─── SOURCE INFORMATION ───
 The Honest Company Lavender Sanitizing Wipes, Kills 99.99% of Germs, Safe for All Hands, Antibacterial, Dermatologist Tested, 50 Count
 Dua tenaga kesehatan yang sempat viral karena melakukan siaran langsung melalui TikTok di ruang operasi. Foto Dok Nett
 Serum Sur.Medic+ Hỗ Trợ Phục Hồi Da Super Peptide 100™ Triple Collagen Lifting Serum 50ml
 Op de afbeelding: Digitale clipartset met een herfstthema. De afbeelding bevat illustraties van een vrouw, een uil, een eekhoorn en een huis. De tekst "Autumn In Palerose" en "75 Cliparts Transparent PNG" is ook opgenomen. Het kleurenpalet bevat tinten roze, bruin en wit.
───
─── SOURCE INFORMATION ───
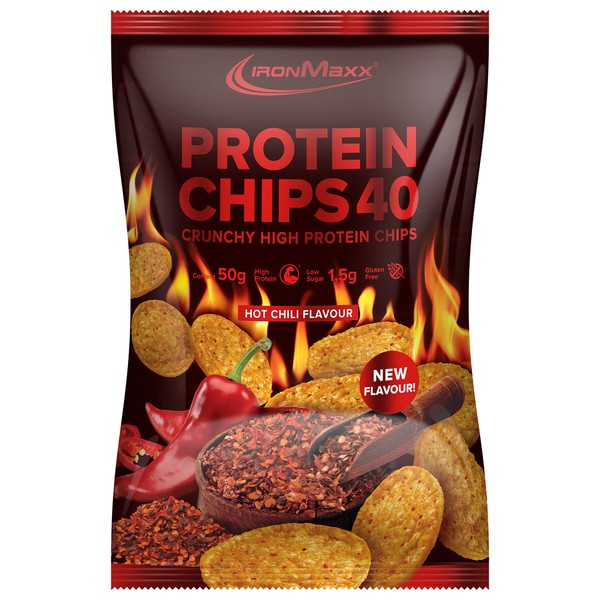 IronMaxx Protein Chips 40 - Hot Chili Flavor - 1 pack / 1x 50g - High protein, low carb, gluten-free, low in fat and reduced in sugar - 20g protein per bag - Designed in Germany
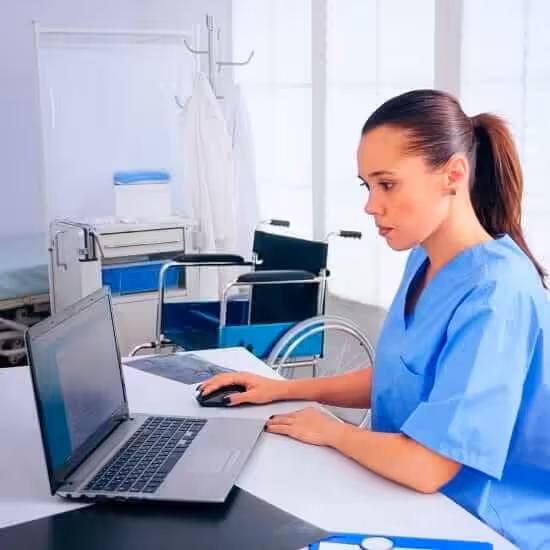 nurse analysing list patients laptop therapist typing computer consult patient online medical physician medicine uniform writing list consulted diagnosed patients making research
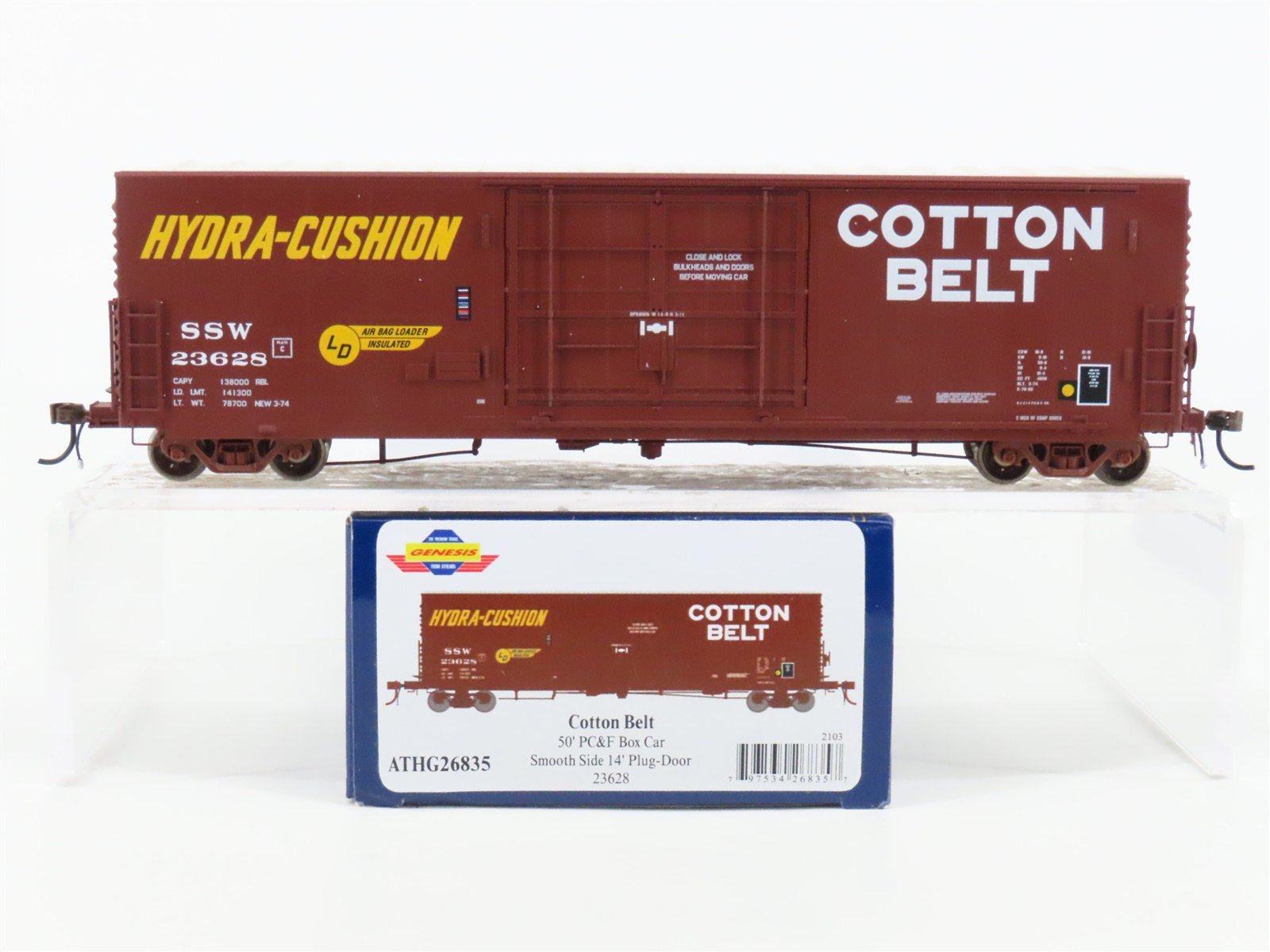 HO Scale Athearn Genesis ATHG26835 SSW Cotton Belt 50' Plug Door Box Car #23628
───
__REQUIREMENT__:
Above this task is a listing with pictures in it. Retype only the lines from the one containing "nurse analysing list" through the one containing "HO Scale Athearn", both included, and not the pictures.

__OUTPUT BELOW__:
 nurse analysing list patients laptop therapist typing computer consult patient online medical physician medicine uniform writing list consulted diagnosed patients making research
 HO Scale Athearn Genesis ATHG26835 SSW Cotton Belt 50' Plug Door Box Car #23628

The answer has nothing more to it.